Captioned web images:
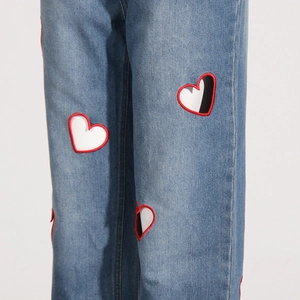 Detail of red heart embroidery and textured blue denim fabric on high waist straight jeans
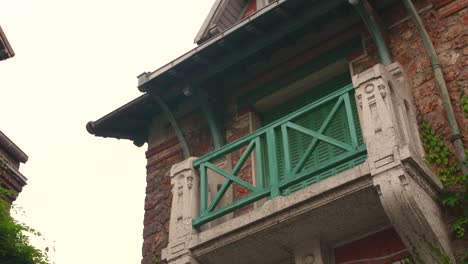 Beautiful-vintage-green-balcony-in-the-medieval-Montsouris-street,-Paris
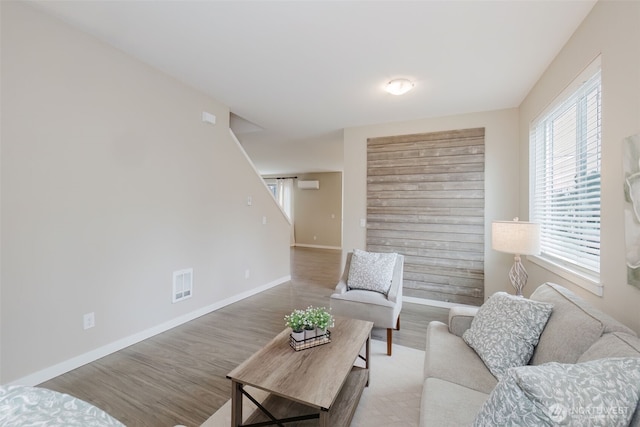 living area featuring baseboards, visible vents, and light wood finished floors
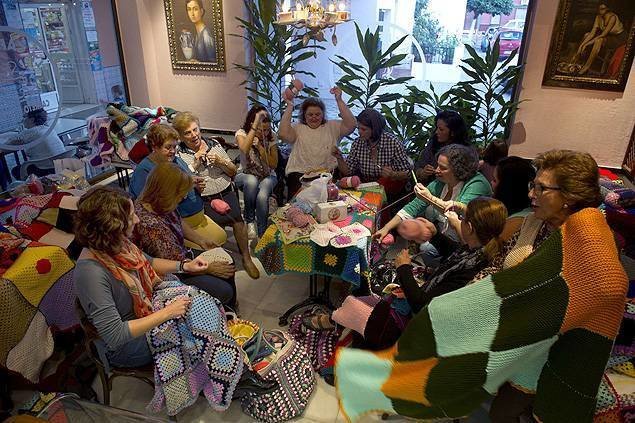 Nhóm phụ nữ ở  Villaverde del Rio (Tây Ban Nha) hẹn tại quán cà phê góc phố để cùng đan len làm nhân đạo - Ảnh: AFP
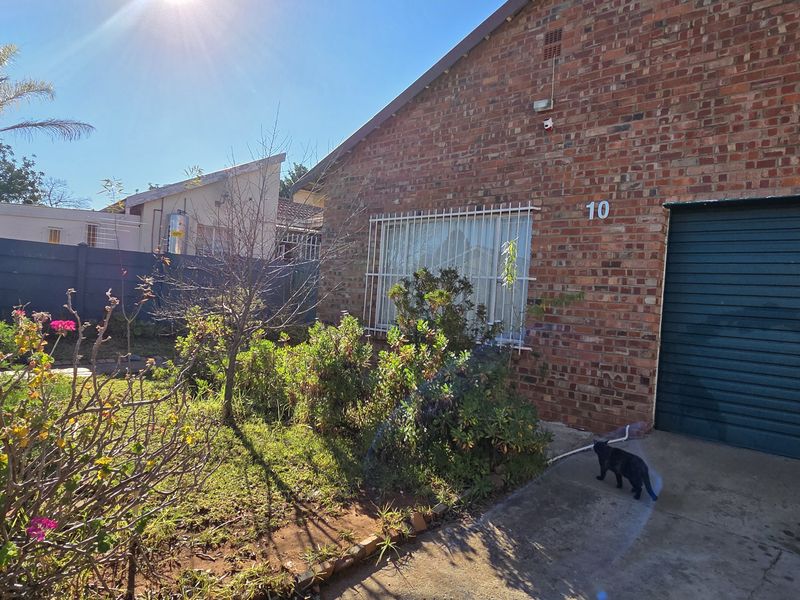 Front exterior view of a face brick house featuring a roller garage door, security bars on windows, and a front garden with boundary wall.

**Your goal**
Make a verbatim copy of all the entries and strip out the pictures.

**Response**
 Detail of red heart embroidery and textured blue denim fabric on high waist straight jeans
 Beautiful-vintage-green-balcony-in-the-medieval-Montsouris-street,-Paris
 living area featuring baseboards, visible vents, and light wood finished floors
 Nhóm phụ nữ ở  Villaverde del Rio (Tây Ban Nha) hẹn tại quán cà phê góc phố để cùng đan len làm nhân đạo - Ảnh: AFP
 Front exterior view of a face brick house featuring a roller garage door, security bars on windows, and a front garden with boundary wall.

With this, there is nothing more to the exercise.